Welcome to shabda’s documentation!

About

Introduction

In recent past, Deep Learning models have proven their potential in many application areas, however its entry into embedded world has its own twists and practical difficulties.

Problem Statement

To come up with a framework that enables a fast prototyping of Deep Learning models for Audio (to start with!) and provides an easy way to port the models on to Android using TFLite.

Proposed Solution

Come up with following modular components which can be then used as plug and play components:

  • Dataset modules with preprocessing modules
  • DataIterator modules
  • Tensorflow Models (Estimators)
  • Engine to run the models
  • Tensorflow model serving using TFLite
    • Web app
    • Mobile

Architecture

Python Environment

conda create -n shabda python=3.6
source activate shabda
pip install -r requirements.txt

Audio Basics

What Does the Unit kHz Mean in Digital Music?

kHz is short for kilohertz, and is a measurement of frequency (cycles per second). In digital audio, this measurement describes the number of data chunks used per second to represent an analog sound in digital form. These data chunks are known as the sampling rate or sampling frequency.

This definition is often confused with another popular term in digital audio, called bitrate (measured in kbps). However, the difference between these two terms is that bitrate measures how much is sampled every second (size of the chunks) rather than the number of chunks (frequency).

Note: kHz is sometimes referred to as sampling rate, sampling interval, or cycles per second.

What is the Mel scale?

The Mel scale relates perceived frequency, or pitch, of a pure tone to its actual measured frequency. Humans are much better at discerning small changes in pitch at low frequencies than they are at high frequencies. Incorporating this scale makes our features match more closely what humans hear.

Audio Features

  • We start with a speech signal, we’ll assume sampled at 16kHz.
  • Frame the signal into 20-40 ms frames. 25ms is standard.
    • This means the frame length for a 16kHz signal is 0.025*16000 = 400 samples.
    • Frame step is usually something like 10ms (160 samples), which allows some overlap to the frames.
    • The first 400 sample frame starts at sample 0, the next 400 sample frame starts at sample 160 etc. until the end of the speech file is reached.
    • If the speech file does not divide into an even number of frames, pad it with zeros so that it does.
  • Audio Signal File : 0 to N seconds
  • Audio Frame : Interval of 20 - 40 ms —> default 25 ms —> 0.025 * 16000 = 400 samples
  • Frame step : Default 10 ms —> 0.010 * 16000 —> 160 samples
    • First sample: 0 to 400 samples
    • Second sample: 160 to 560 samples etc.,
25ms    25ms   25ms   25ms …  Frames  
400     400    400    400  …  Samples/Frame 

|—————|—————|—————|—————|—————|—————|—————|————-|   

|—|—|—|—|—|—|—|—|—|—|—|—|—|—|—|—|—|—|—|—|—|—|—|—|—|—|—|—|   

10 10 10 10 … Frame Step

Bit-depth = 16: The amplitude of each sample in the audio is one of 2^16 (=65536) possible values. Samplig rate = 44.1 kHz: Each second in the audio consists of 44100 samples. So, if the duration of the audio file is 3.2 seconds, the audio will consist of 44100*3.2 = 141120 values.

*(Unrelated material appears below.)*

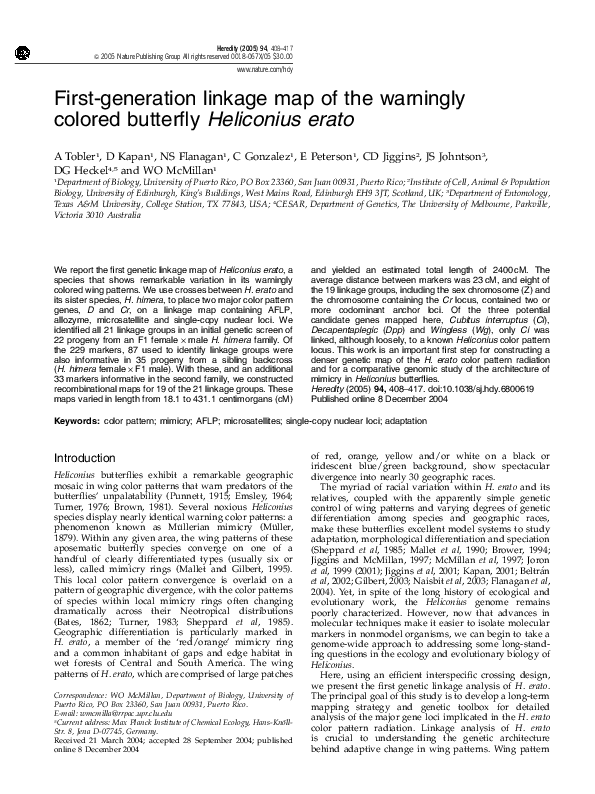 (PDF) First-generation linkage map of the warningly colored butterfly ...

Still dont get it? Consider the audio signal to be a time series sampled at an interval of 25ms with step size of 10ms

Check out this jupyet notebook @ https://timsainb.github.io/spectrograms-mfccs-and-inversion-in-python.html

Forked version @ https://github.com/dhiraa/python_spectrograms_and_inversion

Mel Frequency Cepstral Coefficient (MFCC) tutorial

Reading Audio Files

The audios are Pulse-code modulated with a bit depth of 16 and a sampling rate of 44.1 kHz

16-bit PCM

  • Bit-depth = 16: The amplitude of each sample in the audio is one of 2^16 (=65536) possible values.
  • Samplig rate = 44.1 kHz: Each second in the audio consists of 44100 samples. So, if the duration of the audio file is 3.2 seconds, the audio will consist of 44100*3.2 = 141120 values.

Audio Features

  • Zero Cross Rate
  • Energy
  • Entropy of Energy
  • Spectral Centroid
  • Spectral Spread
  • Spectral Entropy
  • Spectral Flux
  • Spectral Roll off
  • MFCC
  • Chroma Vector
  • Chroma Deviation

Introduction to MFCC

Before the Deep Learning era, people developed techniques to extract features from audio signals. It turns out that these techniques are still useful. One such technique is computing the MFCC (Mel Frquency Cepstral Coefficients) from the raw audio. Before we jump to MFCC, let’s talk about extracting features from the sound.

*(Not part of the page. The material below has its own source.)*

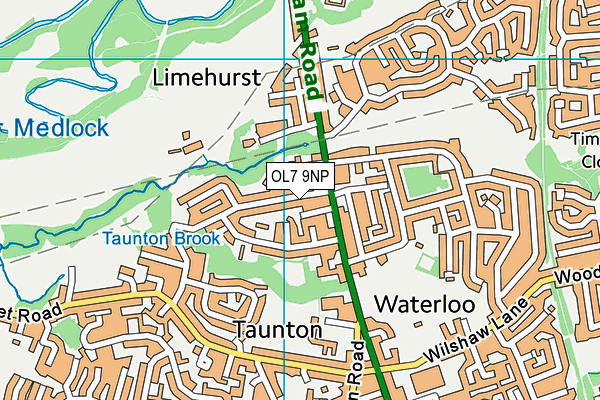 OL7 9NP map - OS VectorMap District (Ordnance Survey)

If we just want to classify some sound, we should build features that are speaker independent. Any feature that only gives information about the speaker (like the pitch of their voice) will not be helpful for classification. In other words, we should extract features that depend on the “content” of the audio rather than the nature of the speaker. Also, a good feature extraction technique should mimic the human speech perception. We don’t hear loudness on a linear scale. If we want to double the perceived loudness of a sound, we have to put 8 times as much energy into it. Instead of a linear scale, our perception system uses a log scale.

Taking these things into account, Davis and Mermelstein came up with MFCC in the 1980’s. MFCC mimics the logarithmic perception of loudness and pitch of human auditory system and tries to eliminate speaker dependent characteristics by excluding the fundamental frequency and their harmonics. The underlying mathematics is quite complicated and we will skip that. For those interested, here is the detailed explanation.

FFT/STFT Cheat Sheet:

  • FFT: Fast Fourier transformA method for computing the discrete Fourier transform of a signal. Its “fastness” relies on size being a power of 2.
  • STFT: Short-time Fourier transform A method for analyzing a signal whose frequency content is changing over time. The signal is broken into small, often overlapping frames, and the FFT is computed for each frame (i.e., the frequency content is assumed not to change within a frame, but subsequent analysis frames can be compared to understand how the frequency content changes over time).
  • IFFT: Inverse Fast Fourier transform Takes a spectrum buffer (a complex vector) of N bins and transforms it into N audio samples.
  • FFT size: The number of samples over which the FFT is computed; also the number of “bins” that comprise the analysis output.
  • Bin: The content of a bin denotes the magnitude (and phase) of the frequency corresponding to the bin number. The N bins of an N-sample FFT evenly (linearly) partition the spectrum from 0Hz to the sample rate. Note that for real signals (including audio), we can discard the latter half of the bins, using only the bins from 0Hz to the Nyquist frequency.
  • Window function: Before computing the FFT, the signal is multiplied by a window function. The simplest window is a rectangular window, which multiplies everything inside the frame by 1 and everything outside the frame by 0. However, in practice, we choose a smoother window function that is 1 in the middle of the window and tapers to 0 or near-0 at the edges. The choice of window depends on the application.
  • Zero-padding: It is common practice to use a smaller window size than FFT size, then “zeropad” all the samples that lie in between the edges of the window and the edges of the FFT frame.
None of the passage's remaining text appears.